The goal of schema refinement is thus to eliminate or minimize the redundancy of tables. Doing so prevents situations the anomalies we saw when first learning about the relational model:

Insertion anomaly – if data are redundant, you may find it necessary to add copies of existing data in the database when you try to add brand new data.
Update anomaly – if you need to edit data that exists in many places, you have to make sure to edit it in all places
Deletion anomaly – if you delete data that exists in many places, you need to delete it everywhere

Schema refinement is a way to prevent as many of these anomalies as possible because schema diagrams created from ERDs cannot be guaranteed to be free of these problems.

Functional Dependencies

In order to guarantee that there will be no issues with redundancy in a database, database designers, informaticists, and computer scientists use a somewhat mathematical notion of a functional dependency. A functional dependency (FD) is a relationship between two groups or sets of columns in a table where the value of one group of columns can be used to predict or determine the value of another group.
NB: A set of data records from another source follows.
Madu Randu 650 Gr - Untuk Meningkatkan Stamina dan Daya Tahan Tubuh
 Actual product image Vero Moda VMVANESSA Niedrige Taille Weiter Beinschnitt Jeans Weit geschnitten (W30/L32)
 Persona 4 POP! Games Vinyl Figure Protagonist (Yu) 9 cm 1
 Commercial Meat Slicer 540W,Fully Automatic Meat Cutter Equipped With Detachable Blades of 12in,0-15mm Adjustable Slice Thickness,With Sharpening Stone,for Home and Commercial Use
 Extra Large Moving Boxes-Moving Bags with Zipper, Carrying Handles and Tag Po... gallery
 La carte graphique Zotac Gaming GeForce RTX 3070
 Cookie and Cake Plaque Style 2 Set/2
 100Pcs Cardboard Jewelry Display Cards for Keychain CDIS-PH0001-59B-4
Sometimes this notion of predicting or determining can means there’s an actual bona fide mathematical function involved. For instance if we had a table named Weights that had Pounds and Newtons columns, we would know that there is a formula relating their values: Newtons = 4.45 Pounds. With this formula, it’s easy to see that the value in the column is what matters and not what row in a table it’s in. Anytime we have a value of 1 Pound in a row, the existence of the functional dependency guarantees that the value in the Newtons column in that row will be 4.45. All 1 Pound rows in the table will also be 4.45 Newton rows.

Functional dependencies don’t have to result from a mathematical formula, though. It’s more common that one column can be used to “look up” the values in other columns. In fact, that’s how we use primary keys in a database. So a primary key column like and employee ID or an SSN in a table of employees can be used to “predict” the employee’s name, address, etc. just because the value is unique to that employee despite the lack of a formula.

We use a notation A → B to write down functional dependencies and we read it as “column A determines column B”. When more than one column is involved on either side of the arrow, we simply write them as a comma-separated list of column names. A,C → B,D means that the two values of columns A and C determine both columns B and D. It’s the same as A,C → B and A,C → D, emphasizing that B and D are in some sense independent while it’s the pair of values in columns A and C that must be taken together and not separately. The value(s) of the column(s) on the left hand side of the arrow determine the value(s) of the column(s) on the right hand side of the arrow. Also note that the columns need to all belong to the same table. Just because the employee table has a functional dependency involving a SSN doesn’t mean that other tables containing that same kind of column have to. The same “for all rows” logic from the Pounds → Newtons example applies for any FD. All rows in a table with identical values in column A will also be rows that have identical values stored in column B. If it involves more than one column like A,C → D, then all columns with a particular pair of (A,C) values will also have the same column D values.

The main goal of schema refinement is to ensure that the only functional dependencies a table has are on a key. A functional dependency “on” a column or columns means it’s on the left hand side of the arrow side, so the main goal when normalizing is to only have FDs like key column(s) → non-key column(s). There’s even a saying for this:

Data should depend on the key, the whole key, and nothing but the key.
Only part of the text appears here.